Work required: Only the lines from the one containing "Barrière de sécurité" through the end of the data below are to be repeated, exactly as given, without pictures.

Recorded data:
»»

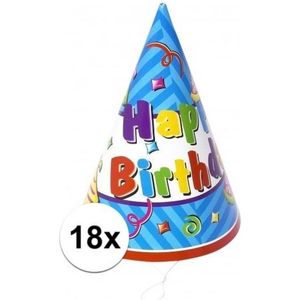 18x stuks Happy Birthday feesthoedjes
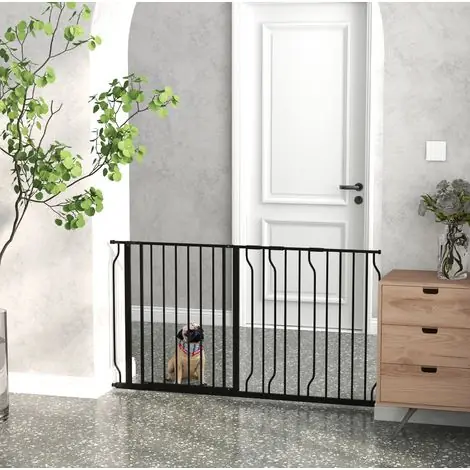 Barrière de sécurité pour chien 75-145 cm, ouverture 2 voies, sans perçage, acier noir HAVRYA | Derniers jours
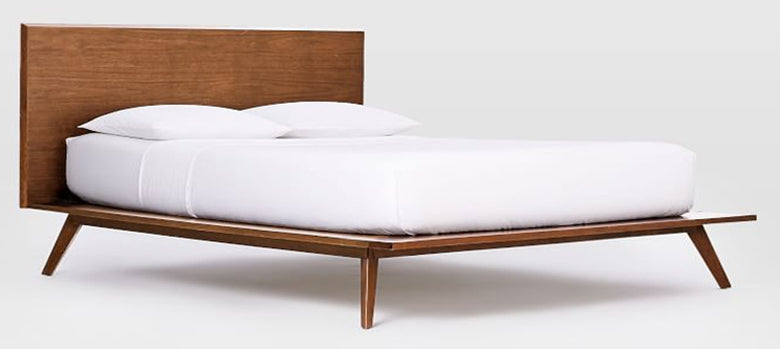 Modrest Carmen Mid-Century Modern Walnut Bed | Modishstore | Beds-2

««

Written solution:
 Barrière de sécurité pour chien 75-145 cm, ouverture 2 voies, sans perçage, acier noir HAVRYA | Derniers jours
 Modrest Carmen Mid-Century Modern Walnut Bed | Modishstore | Beds-2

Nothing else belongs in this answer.